В 1933 году Джеймс Тэрбер опубликовал свой рассказ «День, когда лопнула плотина», в котором он вспоминал события 12 марта 1913 года – в этот день целый город в штате Огайо пустился в бега. Тэрбер вспоминал, как начал распространяться слух о прорыве плотины. Около полудня «вдруг один человек побежал. Он, может быть, просто вспомнил в тот миг, что обещал жене не опаздывать, и понял, что уж безнадежно опоздал». Очень скоро кто-то еще побежал, «может быть, мальчишка-газетчик от хорошего настроения. Тут поскакал трусцой плотный конторский джентльмен».
«…и через десять минут уже всё на улице Высокой понеслось. Громкое бормотание постепенно приняло форму ужасного слова: „плотина“. „Плотину прорвало!“ Так кто же первый облёк этот страх в слово – старушка в котиковом пальто, регулировщик или мальчишка – как знать и какая разница? Две тысячи человек понеслись. „На восток! – вздымался крик: – Прочь от реки! На восток, там безопасней! На восток! На восток! На восток!“»

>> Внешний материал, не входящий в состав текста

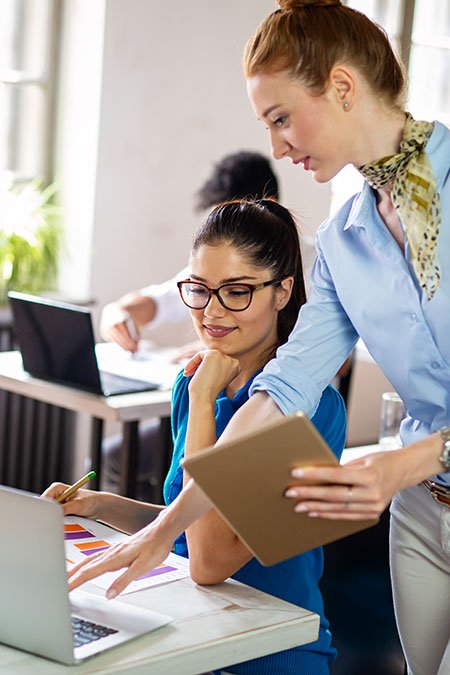 Digital marketing course online interface showing campaign setup, analytics, and training workflow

Пока весь город, охваченный паникой, бежит на восток, никто не останавливается, чтобы подумать о том, что плотина находится так далеко от города, что ни один ее ручеек не мог бы достичь улицу Высокую. Точно так же никто не замечает, что вокруг нет никакой воды. Самые резвые горожане, убежавшие на мили прочь от города, в конце концов вернулись домой, как и все остальные. Тэрбер пишет:
«На следующий день город занимался своими обычными делами, будто ничего не случилось, но на счет шуточек – Боже упаси! Только года через два с лишком можно было обиняком упомянуть плотину в разговоре. И даже теперь, двадцать лет спустя, еще много тех, кто вроде доктора Мэллори, хранят каменное молчание, если кто-то ненароком намекнет в разговоре на тот День Великого Дёра» [118].

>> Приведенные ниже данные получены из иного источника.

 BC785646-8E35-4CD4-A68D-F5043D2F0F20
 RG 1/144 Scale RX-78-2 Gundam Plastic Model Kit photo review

Сегодня наше общество постоянно находится в бегах и постоянно находится под угрозой быть пристыженным не только за наши собственное поведение, но и за то, как мы обращались с другими. Каждый день появляется новый предмет ненависти и морального осуждения. Это может быть группа школьников, надевших не те бейсболки не в том месте и не в то время [119]. Или кто-нибудь еще. Как показала работа Джона Ронсона и других [120], посвященная «публичному порицанию», Интернет позволил новым формам травли под прикрытием социального активизма стать лейтмотивом нашего времени. Желание найти людей, которых можно обвинить в «неправильном способе мыслить», работает, потому что оно вознаграждает задиру [121]. Компании, работающие с социальными медиа, поощряют этот феномен, поскольку он является частью их бизнес-модели. Но изредка – если это вообще происходит – люди в паническом бегстве пытаются понять, почему они бегут в том направлении, в котором бегут.